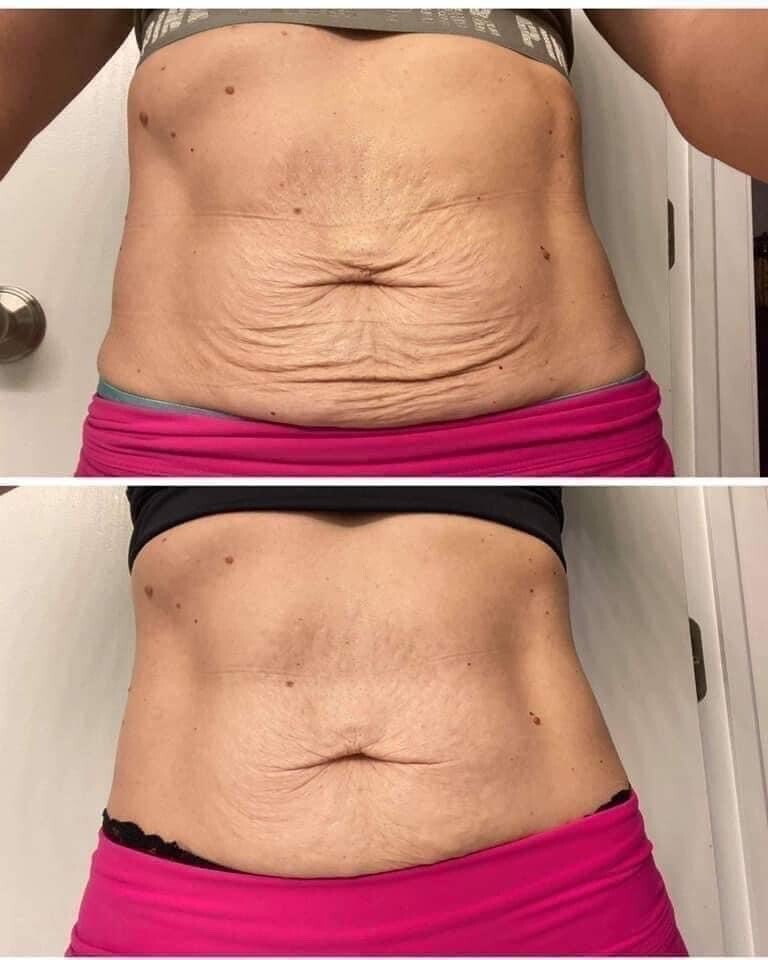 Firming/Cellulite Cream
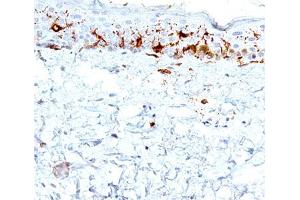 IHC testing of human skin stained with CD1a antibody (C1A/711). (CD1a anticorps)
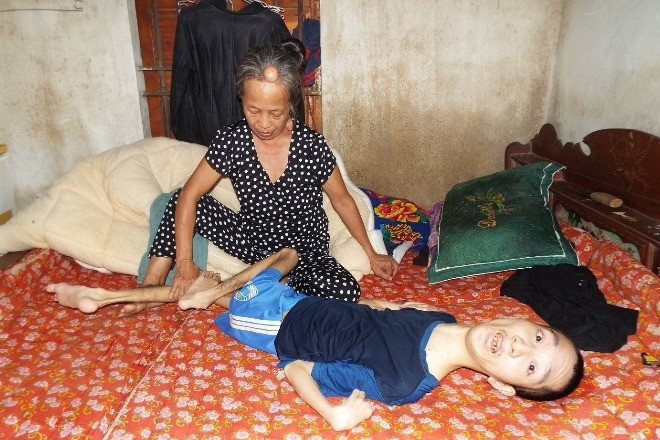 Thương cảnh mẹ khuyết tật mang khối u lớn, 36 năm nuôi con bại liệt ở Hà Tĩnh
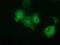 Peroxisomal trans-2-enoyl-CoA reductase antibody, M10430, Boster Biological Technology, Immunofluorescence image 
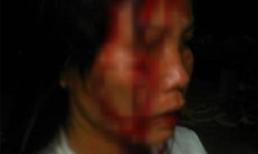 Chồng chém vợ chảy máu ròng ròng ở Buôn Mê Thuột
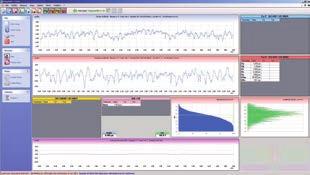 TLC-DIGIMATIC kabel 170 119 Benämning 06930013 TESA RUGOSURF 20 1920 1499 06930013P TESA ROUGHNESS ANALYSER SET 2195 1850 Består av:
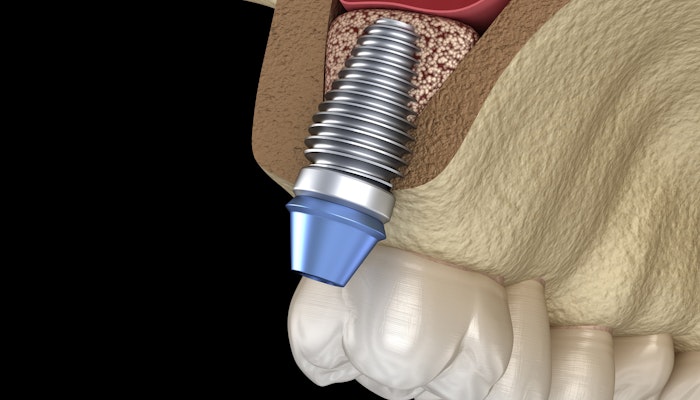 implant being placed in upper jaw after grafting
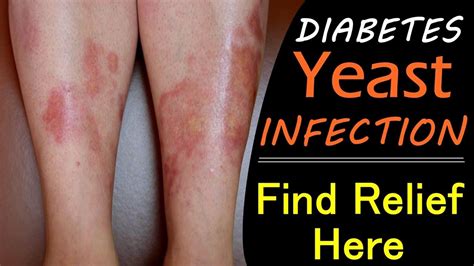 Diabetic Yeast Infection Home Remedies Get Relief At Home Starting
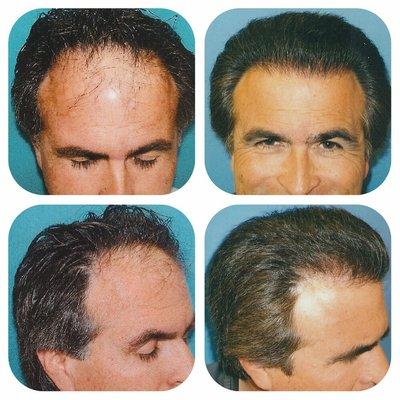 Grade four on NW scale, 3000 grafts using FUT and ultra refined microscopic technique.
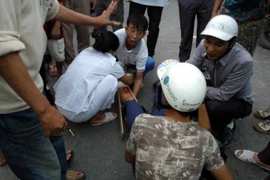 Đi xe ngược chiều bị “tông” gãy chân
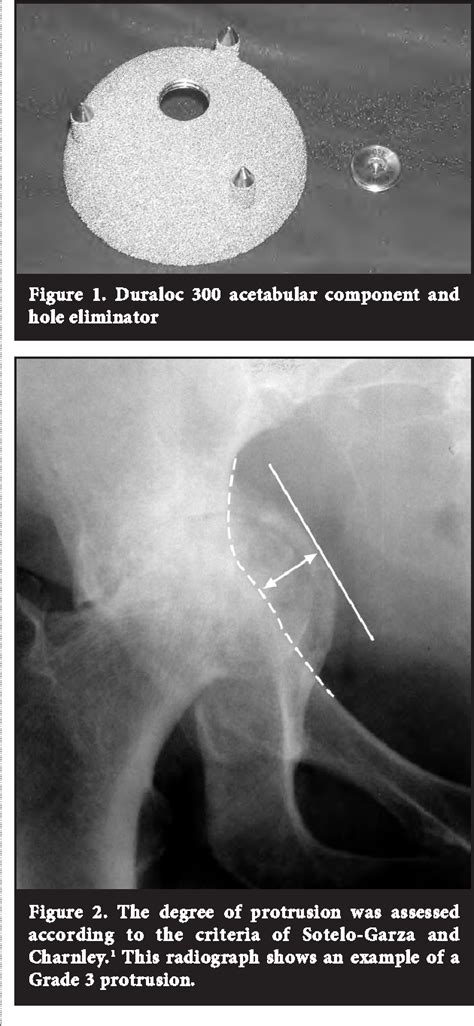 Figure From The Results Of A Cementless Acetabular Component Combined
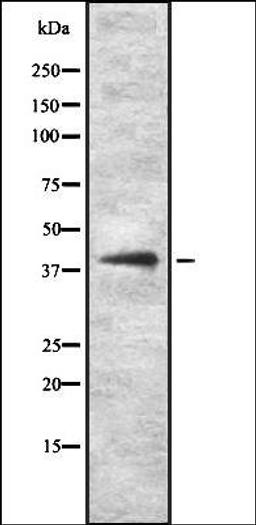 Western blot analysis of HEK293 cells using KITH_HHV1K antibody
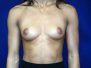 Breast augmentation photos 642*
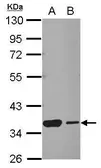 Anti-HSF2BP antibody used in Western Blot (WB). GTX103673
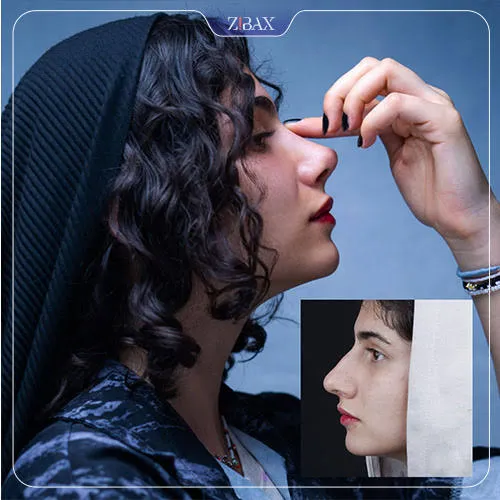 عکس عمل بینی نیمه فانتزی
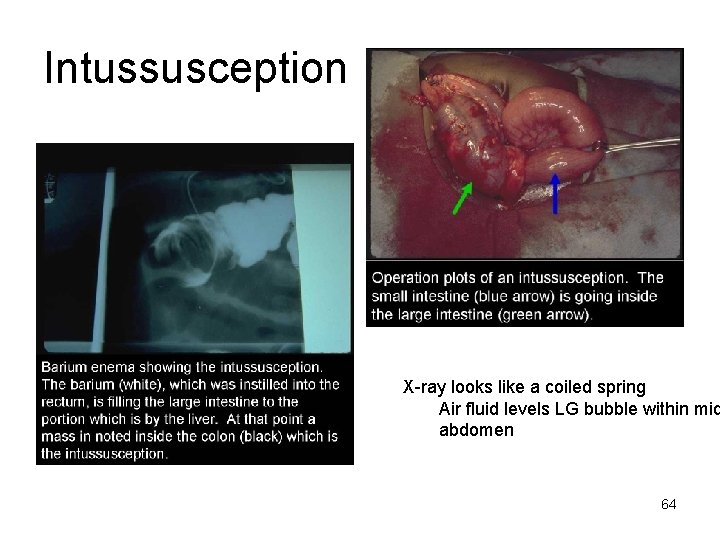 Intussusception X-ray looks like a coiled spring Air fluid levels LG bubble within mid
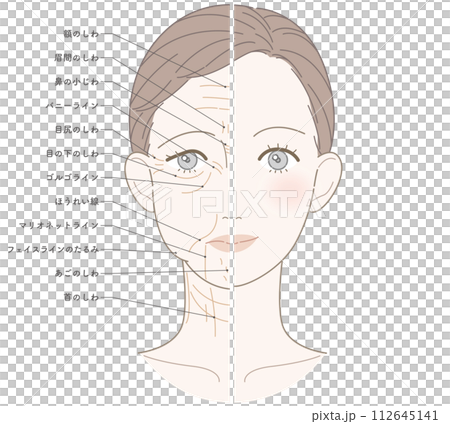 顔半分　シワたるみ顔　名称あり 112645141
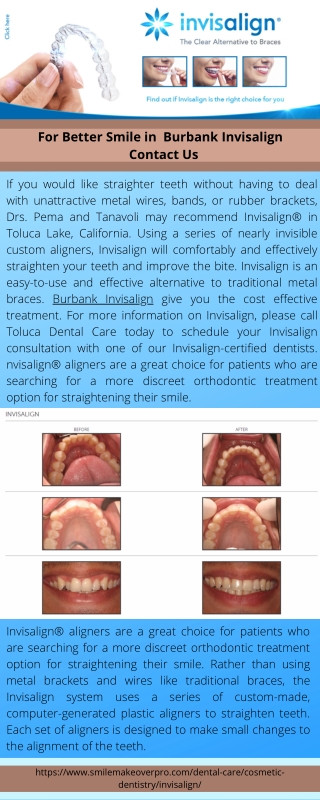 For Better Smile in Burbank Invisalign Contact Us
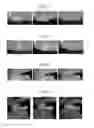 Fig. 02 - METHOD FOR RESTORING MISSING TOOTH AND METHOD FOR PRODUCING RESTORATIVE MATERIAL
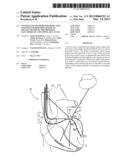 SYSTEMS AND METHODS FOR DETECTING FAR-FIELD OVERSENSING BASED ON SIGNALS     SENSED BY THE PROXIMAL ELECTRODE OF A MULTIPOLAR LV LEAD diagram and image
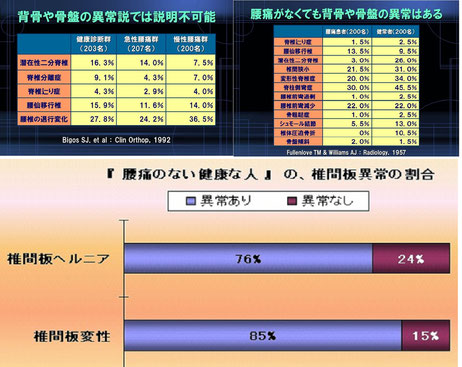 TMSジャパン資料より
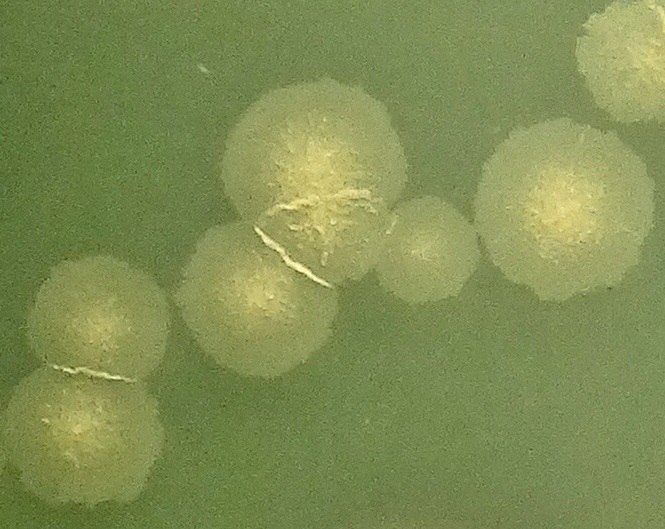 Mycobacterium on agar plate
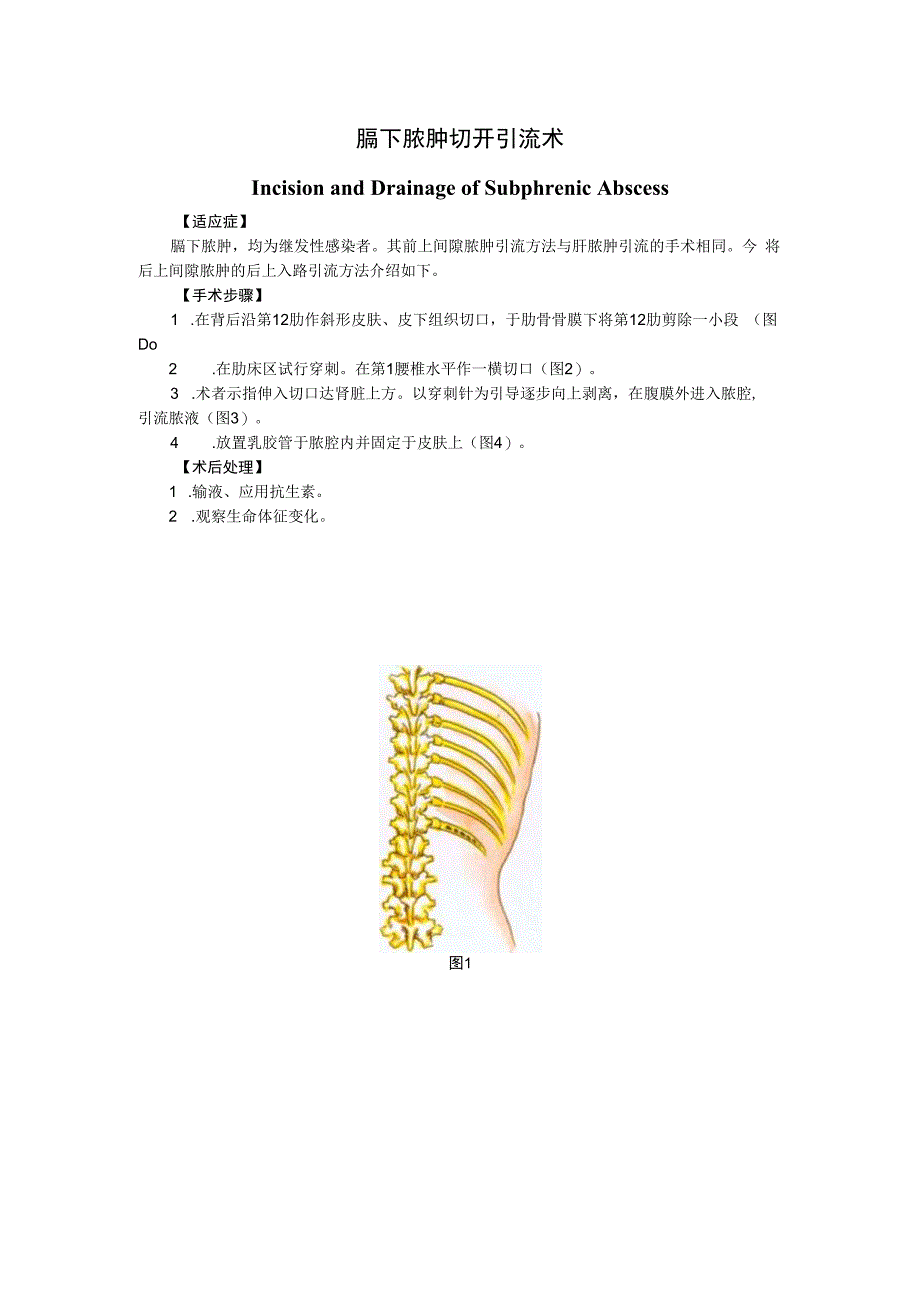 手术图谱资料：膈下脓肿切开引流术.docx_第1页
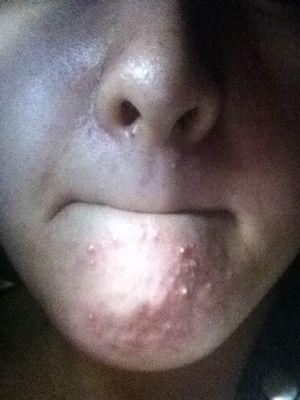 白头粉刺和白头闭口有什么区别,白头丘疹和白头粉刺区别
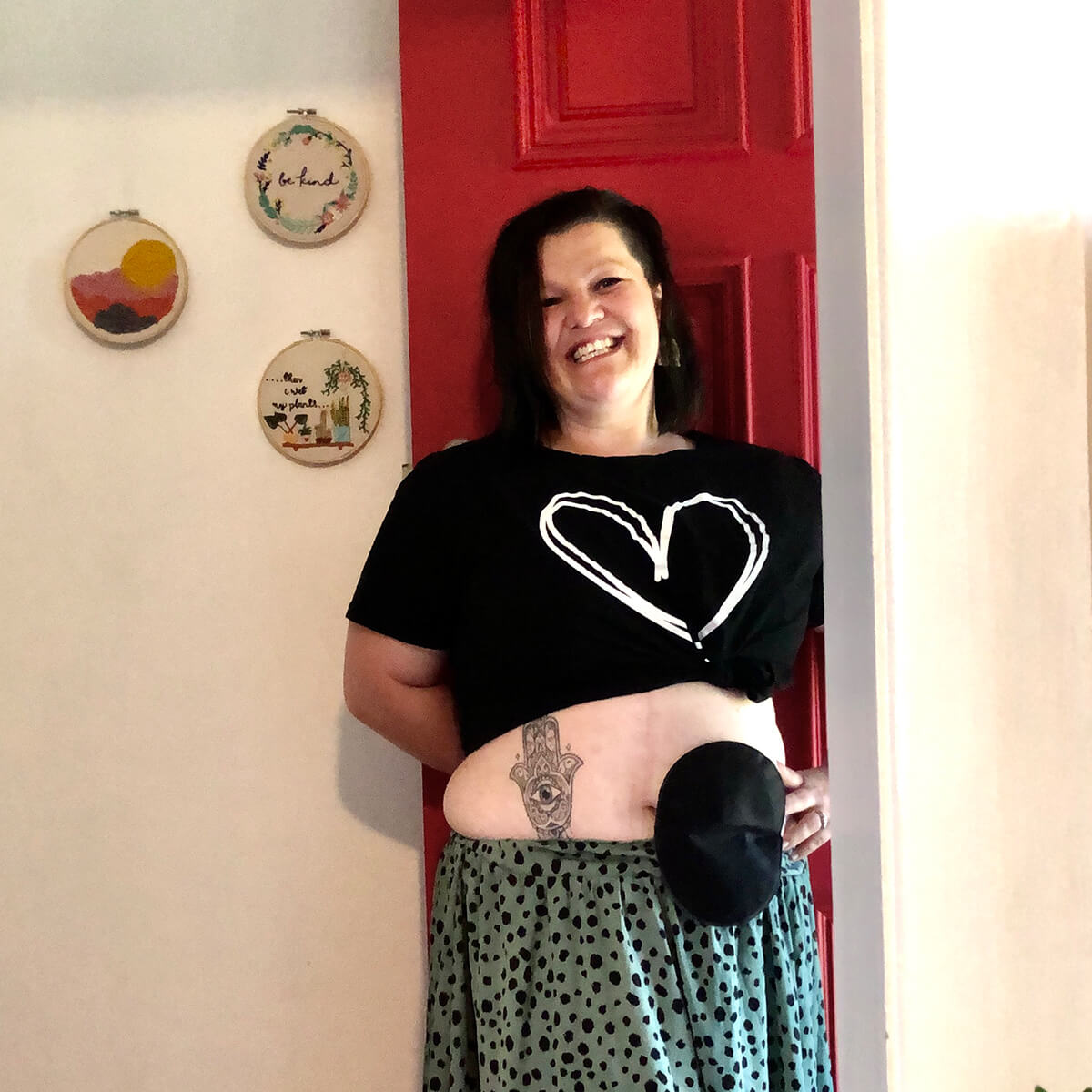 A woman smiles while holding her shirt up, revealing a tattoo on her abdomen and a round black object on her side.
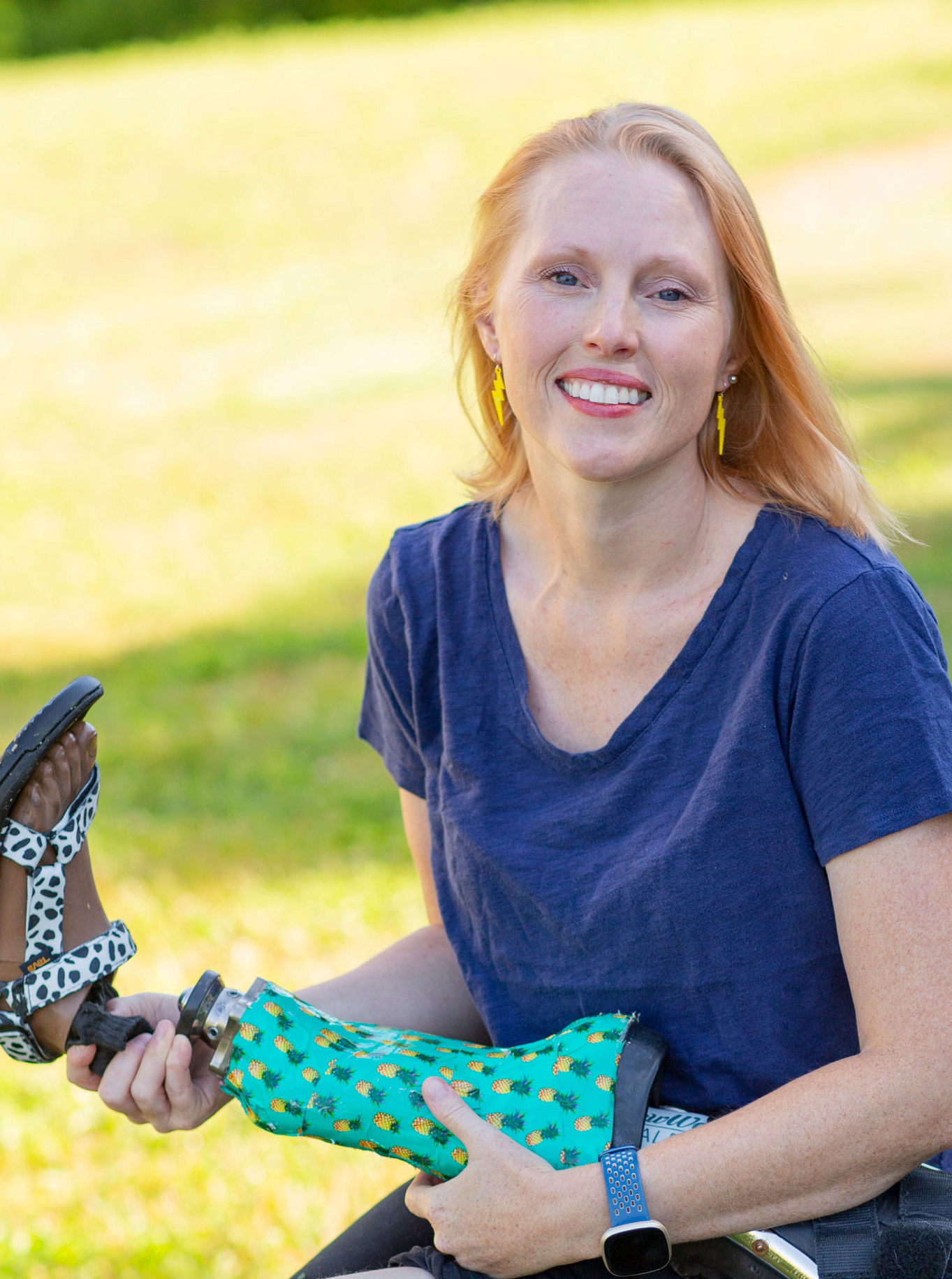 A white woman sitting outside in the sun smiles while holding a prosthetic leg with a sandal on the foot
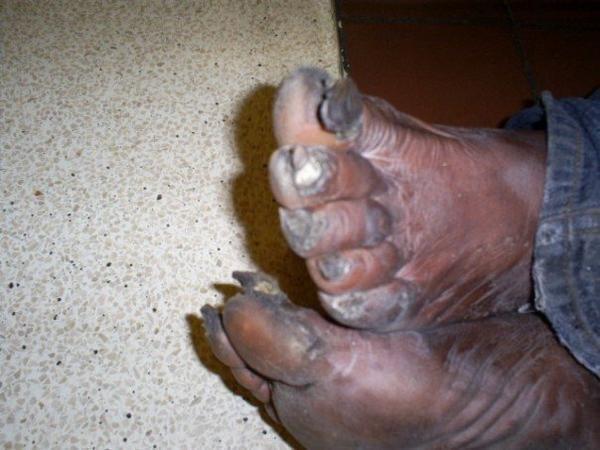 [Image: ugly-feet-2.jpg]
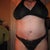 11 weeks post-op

# # # # #

> **Work order**
Nothing but the lines from the one containing "TMSジャパン資料より" through the end of the listing should be written out, each exactly, and pictures must be left out.

> **Result of the exercise**
 TMSジャパン資料より
 Mycobacterium on agar plate
 手术图谱资料：膈下脓肿切开引流术.docx_第1页
 白头粉刺和白头闭口有什么区别,白头丘疹和白头粉刺区别
 A woman smiles while holding her shirt up, revealing a tattoo on her abdomen and a round black object on her side.
 A white woman sitting outside in the sun smiles while holding a prosthetic leg with a sandal on the foot
 [Image: ugly-feet-2.jpg]
 11 weeks post-op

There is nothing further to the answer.